The unending wisdom of Martha Stewart tells us that “there are few rites of spring more satisfying than the annual clean.” In that spirit, PPC Hero’s April series will cover some aspects of your accounts that are worth a good cleaning. Structure, ads, negatives and more will all be covered.
Negative keywords are an essential part to any PPC campaign. Combing through Search Query Reports to exclude the irrelevant, poor-performing, and occasionally bizarre query is probably one of the highlights of my week. For example: I’m currently auditing an account that makes use of the broad match terms “cats”, “in”, “price”, “sale”, and “parts” in the same ad group. Imagine that search query report.
That being said, it’s easy to get lost in the minutiae of negative keyword management when you’re adding them in at the ad group level on a regular basis. That’s why it’s a good idea to audit your negative keyword list every once in awhile to look for trends, common negatives, and terms that might be better suited to be campaign-level negatives. It’s a surprisingly easy process – and we’re here to remind you how it’s done.
1) Clean Up Your Ad Group Negative Keywords
To start, you’ll want to download a Negative Keyword report for your account at the Ad Group level. Depending on your management style, it may be slightly overloaded with embedded negatives – but that only impacts the length of the list, not the method we’ll be using to examine the prevalence of negative keywords throughout the account.
Using this data, create a Pivot Table using the Negative Keyword as your Row label, and Count of Ad Group as your Value. The result should look something like this:
This is a decent enough snapshot that details the prevalence of negative keywords throughout the account – so for a quick analysis, that should be enough. However, depending on your Ad Group naming structure, this top-level analysis may not be enough for your needs. If you have duplicate campaigns targeted to different geotargets, or still have your mobile campaigns running un-Enhanced, this isn’t going to help you that much.

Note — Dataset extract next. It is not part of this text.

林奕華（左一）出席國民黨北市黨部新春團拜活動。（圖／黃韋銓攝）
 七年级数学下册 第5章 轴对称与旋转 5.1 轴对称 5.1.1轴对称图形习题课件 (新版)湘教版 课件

To that end, I usually like to add a Campaign modifier above the “Negative Keyword” Row Label. This is more of a preference, but it can help guide your decision making process, answering the question “I need to add campaign-level negative keywords, but to which campaigns?”
For the record, here is the result:
Using this breakdown, you have a little more direction to go on when it comes to our next step. If you’ve got a few really common negative keywords, it might benefit you to transition them to Campaign-level negatives using the process outlined above. This isn’t going to work for every instance of duplicate negative keywords, but it can give you a good idea of how tidy your negatives are. That’s the whole point behind spring cleaning, right?
2) Kick It Up a Layer – Campaign Level Negatives and the Negative List
This is a pretty simple tip – just follow the exact process outlined above, but using your Campaign-level negatives. It’s a handy trick to see if you should just make a negative list and apply it to your campaigns. You can download a Campaign-level negative keyword report from the same section of the interface that you got the previous report. Here’s the result, featuring another Pivot Table:
If you’ve got the same Campaign-level negatives applied to seventeen different campaigns, you might just benefit from making those in to a Campaign negative keyword list. It’ll make your life easier, after all.
3) Organize (and Sanitize) Your Broad Match Keywords
This last tip is a method for you to examine just how much control you have over your search queries. Depending on your account structure, you’ll have varying levels of control based on your match type strategy. But this is a quick method for you to see just how well you’re directing your traffic.
Download a Search Query Report and run another Pivot Table, this time selecting “Search Term” as your Row Label, and “Count of Ad Group” as your Value. You can also make some modifications of your own – throwing in Campaign, Match Type, etc. above Search Term in the Row Labels field as you please. Much like the last two tables, this gives you an idea of how many ad groups are gathering impressions for each query you come across:
Now, call me crazy, if you have a single query showing up across 10 ad groups, you might have a problem.
However, this runs in to the previously-mentioned issue regarding campaign structure – duplicate ad groups and different targeting settings can lead to this outcome by design. Luckily, you have the option of double-clicking on that row for a detailed breakdown of which Campaigns and Ad Groups the query triggered:
Auditing your broad match keywords can feel like a game of whack-a-mole at times, so you can use this method to better direct your time and efforts in funneling traffic exactly the way you want. Alternatively, you could just use modified broad match keywords. But then you wouldn’t get the joy of queries like “I am try to put on a resume that I baled hay by hand how would I say that professionally?”
Regardless, depending on what you find in this report, you can then start adding in negatives as needed to tidy things up.
What about you, PPC Heroes and Heroines? Do you have a favorite method to keep your negative keywords in line? Have you found success with broad match “cats”? Let us know in the comments and, as always, thanks for reading!